Auch technisch ist Absolution hervorragend gelungen: Die Levels sind keine generischen Baukästen, sondern liebevoll und mit vielen Details gestaltet, die Beleuchtung sorgt immer für die passende Atmosphäre und die Charaktere (sowohl 47 als auch alle NPCs) sehen wirklich klasse aus und sind sehr gut animiert. Einzig die Kamera zickt manchmal herum und versagt uns aus bestimmten Winkeln die Interaktion mit Gegenständen oder Leichen. Trotz der Kritik an dem Instinkt-System und der Bullet-Time ist Absolution ein Kritiker- und Spieler-Liebling geworden, was nicht zuletzt an der etwas aufgebrochenen, persönlicheren und von der Geschichte getriebenen Machart liegt.
Fazit
Hitman hat sich offensichtlich über die Serienteile hinweg konsequent weiterentwickelt. Dabei haben die Entwickler den glatzköpfigen Cleaner aber nicht wild verbogen oder ihm krude Geschichten ans Bein genagelt - auch wenn manchmal die heiße Nadel mit im Spiel war. War er noch in Codename 47 ein Killer, der keine Fragen stellte, entwickelte er in Silent Assassin und Contracts einen eigenen moralischen Kompass. Blood Money war dann der Auftakt zu einer Reihe von Ereignissen, die mit Hitman: Absolution in einem emotionalen Höhepunkt kulminierten.

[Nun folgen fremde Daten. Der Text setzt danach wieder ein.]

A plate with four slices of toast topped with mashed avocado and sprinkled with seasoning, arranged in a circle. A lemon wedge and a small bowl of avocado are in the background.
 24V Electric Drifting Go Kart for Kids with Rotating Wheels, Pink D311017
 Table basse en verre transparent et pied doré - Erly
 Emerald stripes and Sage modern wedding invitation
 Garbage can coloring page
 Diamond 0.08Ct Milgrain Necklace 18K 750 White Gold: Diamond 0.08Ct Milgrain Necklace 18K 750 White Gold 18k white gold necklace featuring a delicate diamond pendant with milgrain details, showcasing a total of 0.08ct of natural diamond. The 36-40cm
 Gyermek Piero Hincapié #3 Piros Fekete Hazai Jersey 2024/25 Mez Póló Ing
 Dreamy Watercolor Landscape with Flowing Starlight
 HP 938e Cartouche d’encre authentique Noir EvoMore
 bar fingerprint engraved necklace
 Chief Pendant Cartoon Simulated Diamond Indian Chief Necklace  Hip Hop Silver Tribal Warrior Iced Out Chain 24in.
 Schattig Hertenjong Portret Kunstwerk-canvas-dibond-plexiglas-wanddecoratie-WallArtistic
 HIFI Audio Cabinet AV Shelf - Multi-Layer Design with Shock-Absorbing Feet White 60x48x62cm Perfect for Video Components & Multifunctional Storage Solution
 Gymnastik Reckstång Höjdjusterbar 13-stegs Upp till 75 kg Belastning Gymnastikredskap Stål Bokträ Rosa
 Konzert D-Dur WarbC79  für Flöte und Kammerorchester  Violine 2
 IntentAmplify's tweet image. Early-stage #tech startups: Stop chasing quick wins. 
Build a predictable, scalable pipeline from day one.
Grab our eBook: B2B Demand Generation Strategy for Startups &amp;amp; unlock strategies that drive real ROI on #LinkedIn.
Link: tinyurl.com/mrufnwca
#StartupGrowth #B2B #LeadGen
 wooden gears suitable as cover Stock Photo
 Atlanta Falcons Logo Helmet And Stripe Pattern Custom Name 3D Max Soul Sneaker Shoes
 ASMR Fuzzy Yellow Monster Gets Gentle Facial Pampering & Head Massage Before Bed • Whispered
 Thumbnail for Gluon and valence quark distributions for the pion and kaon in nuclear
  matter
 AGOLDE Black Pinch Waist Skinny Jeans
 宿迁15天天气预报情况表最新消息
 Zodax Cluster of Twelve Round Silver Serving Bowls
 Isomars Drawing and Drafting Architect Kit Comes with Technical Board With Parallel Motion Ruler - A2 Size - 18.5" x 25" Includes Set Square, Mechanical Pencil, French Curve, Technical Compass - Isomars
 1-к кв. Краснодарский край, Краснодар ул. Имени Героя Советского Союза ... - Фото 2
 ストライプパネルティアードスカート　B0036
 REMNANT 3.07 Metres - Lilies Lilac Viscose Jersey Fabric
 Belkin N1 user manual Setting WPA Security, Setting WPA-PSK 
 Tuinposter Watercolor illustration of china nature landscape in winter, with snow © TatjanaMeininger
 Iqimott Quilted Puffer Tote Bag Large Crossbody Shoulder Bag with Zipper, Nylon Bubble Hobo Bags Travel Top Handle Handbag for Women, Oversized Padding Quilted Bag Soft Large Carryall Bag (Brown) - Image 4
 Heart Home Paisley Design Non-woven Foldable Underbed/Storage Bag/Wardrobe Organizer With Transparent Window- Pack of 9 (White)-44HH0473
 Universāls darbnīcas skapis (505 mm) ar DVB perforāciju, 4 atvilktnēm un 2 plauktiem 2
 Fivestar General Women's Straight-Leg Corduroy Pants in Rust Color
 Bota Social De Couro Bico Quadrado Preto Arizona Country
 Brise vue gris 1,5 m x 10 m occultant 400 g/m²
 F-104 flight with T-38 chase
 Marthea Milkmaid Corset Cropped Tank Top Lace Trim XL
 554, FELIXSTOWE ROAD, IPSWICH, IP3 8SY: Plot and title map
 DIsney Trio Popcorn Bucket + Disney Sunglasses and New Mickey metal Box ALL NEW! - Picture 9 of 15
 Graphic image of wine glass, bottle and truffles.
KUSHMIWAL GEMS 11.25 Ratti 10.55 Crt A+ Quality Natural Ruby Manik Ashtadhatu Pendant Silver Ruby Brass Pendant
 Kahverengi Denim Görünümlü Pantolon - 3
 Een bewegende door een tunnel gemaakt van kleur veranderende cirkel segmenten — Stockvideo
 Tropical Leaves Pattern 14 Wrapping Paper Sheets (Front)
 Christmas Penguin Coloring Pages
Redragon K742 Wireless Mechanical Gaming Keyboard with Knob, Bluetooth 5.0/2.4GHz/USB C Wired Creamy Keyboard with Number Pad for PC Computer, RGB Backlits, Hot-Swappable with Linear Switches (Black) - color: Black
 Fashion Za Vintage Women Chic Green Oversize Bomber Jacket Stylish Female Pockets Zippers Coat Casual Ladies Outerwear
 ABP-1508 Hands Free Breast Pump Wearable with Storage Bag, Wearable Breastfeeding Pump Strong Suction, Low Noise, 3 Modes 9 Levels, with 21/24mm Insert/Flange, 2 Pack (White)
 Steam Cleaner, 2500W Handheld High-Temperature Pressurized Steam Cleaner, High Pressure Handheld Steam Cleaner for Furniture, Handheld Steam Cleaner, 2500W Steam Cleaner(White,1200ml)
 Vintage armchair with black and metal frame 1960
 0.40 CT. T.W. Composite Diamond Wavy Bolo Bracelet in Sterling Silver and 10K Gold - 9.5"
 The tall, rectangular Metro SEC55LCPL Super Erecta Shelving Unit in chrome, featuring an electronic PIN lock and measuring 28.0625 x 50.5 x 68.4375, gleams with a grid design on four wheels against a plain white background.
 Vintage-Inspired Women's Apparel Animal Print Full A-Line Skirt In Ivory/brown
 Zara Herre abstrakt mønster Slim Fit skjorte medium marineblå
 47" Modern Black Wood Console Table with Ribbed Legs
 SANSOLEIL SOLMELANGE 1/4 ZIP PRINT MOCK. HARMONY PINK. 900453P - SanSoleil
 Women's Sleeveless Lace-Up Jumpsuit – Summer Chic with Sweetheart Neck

Auch das Gameplay wurde sinnvoll weiterentwickelt. Das schließt sogar die Instinkt-Funktion und die Bullet-Time ein. Erstere ist für Gelegenheitsspieler ein Segen, Letztere ergibt im Story-Verlauf mehrfach Sinn. IO Interactive hat aber auch durch die Schwierigkeitsgrade an die Hardcore-Fraktion gedacht, wodurch eigentlich allen Spielertypen gedient ist. Besonders hervorzuheben sind aber natürlich die realistischen Bekanntheits-Mechaniken aus Blood Money, die (abgesehen von der Geldschwemme) bislang wohl die realistischste Darstellung eines Auftragskillers abgeben.
Im Gesamtbild ergibt sich ein stetig weiterentwickelter Hitman mit Charakter, der eigentlich nur in Contracts eine gameplaytechnische Stagnation erfahren hatte und mit Hitman: Absolution die sogenannten Die-Hard-Fans etwas verschreckte. Die Missionen sind überwiegend spannend und sehr gut in Szene gesetzt worden, gerade die vielfältigen Lösungsmöglichkeiten machen dabei den Reiz der Serie aus. Über die Serienteile hinweg sorgt eine Rahmengeschichte für Zusammenhang und verhindert damit, dass die Hitman-Missionen der Beliebigkeit anheimfallen. Klonkiller 47 lernte sogar, Gefühle zu zeigen. Nie war ein Profikiller sympathischer.